Ice Cube Returns To Rap Music With "I Am The West"Ice Cube has returned to his rap music roots with his latest album, “I Am The West,” his first album since 2008′s “Raw Footage.” To date, I Am The West is receiving a lukewarm reception from rap music critics, who charge that the former NWA star is sticking too close to home, while the rest of the rap music genre has moved on.

Rapper, Actor, Director, Producer

Ice Cube hasn’t been sitting still. His initial work in rap music put him on pace to release a rap album once per year, something he did from 1990-1993. After that, he released an album (War & Peace, Volume 1) in 1998, having spent the intervening time establishing his acting career, working steadily (and mostly) in films as both an actor and producer. He’s recently picked up a television series, “Are We There Yet” where he pulls double duty as a cast member and also serves as the show’s executive producer.

That schedule hasn’t left much time for music. He released War & Peace, Volume 2 in 2000 and Laugh Now, Cry Later in 2006. With I Am The West, critics say that Ice Cube is still spending his time producing gangsta rap when the rest of the industry has moved on. Today’s rap music, they say, is more than guns, women and drugs.

For his part, Ice Cube simply doesn’t care. I Am The West is a protest album of sorts. Ice Cube rails against contemporary rappers, whom Ice Cube plainly and decidedly says he’s not. He’s happy creating gangsta rap and knows that his latest music will appeal to his dedicated fan base.
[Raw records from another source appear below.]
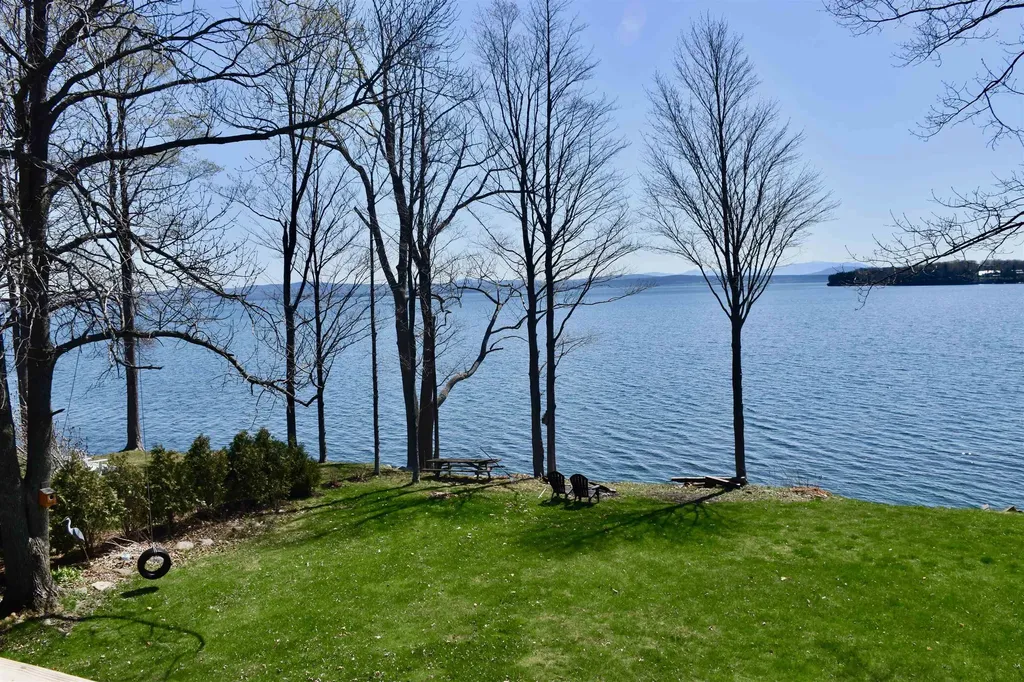 122 Eastview Lane North Hero VT 05474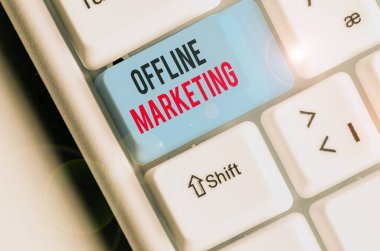 Kelime yazma metni çevrimdışı pazarlama. İş fotoğrafı tanıtım stratejisi İnternet dışında yayınlandı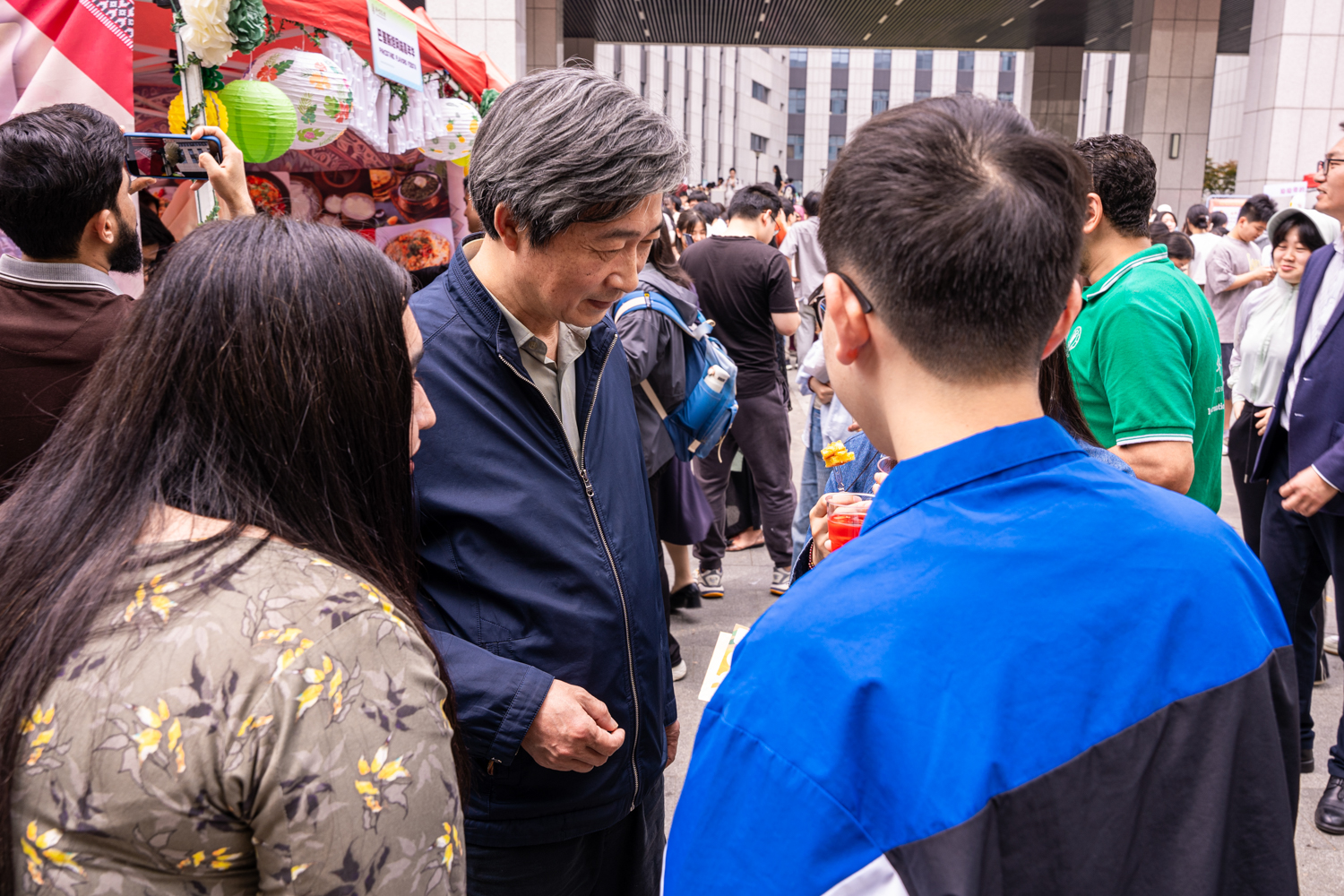 高翅书记与同学交流 (学通社记者 李想 摄)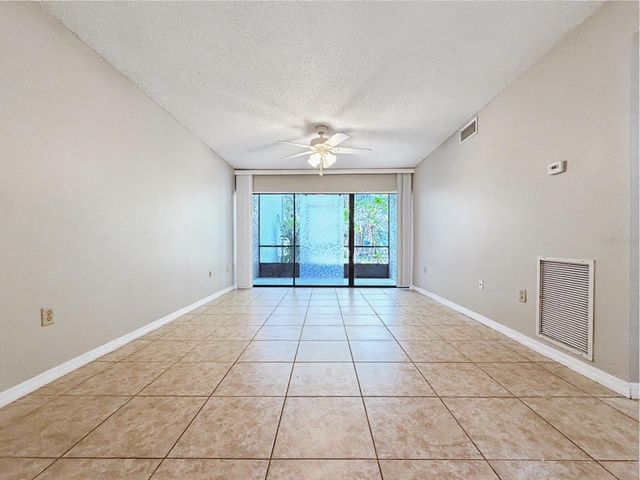 3284 S SEMORAN BOULEVARD 11, Orlando, FL 32822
While today’s celebrated rap artists find more inspiration in human relationships than in drug deals gone bad, Ice Cube is happy to make the kind of music he’s always made – California-centric street rap.

While his music may have an increasingly limited popular appeal, the rap music industry needs more artists like Ice Cube –not because there’s a pent-up demand for gangsta rap (there’s not), but because Ice Cube is willing to make the music he wants to make without bowing to today’s rap music style.

Rappers who want to make their own music and who aren’t interested so much in what the critics have to say as they are in being comfortable where they’re at are the artists that will ensure that rap music is around for generations to come. Ice Cube’s lyrics may be less meaningful to the masses, but as an artist, he still possesses the power to move the genre forward.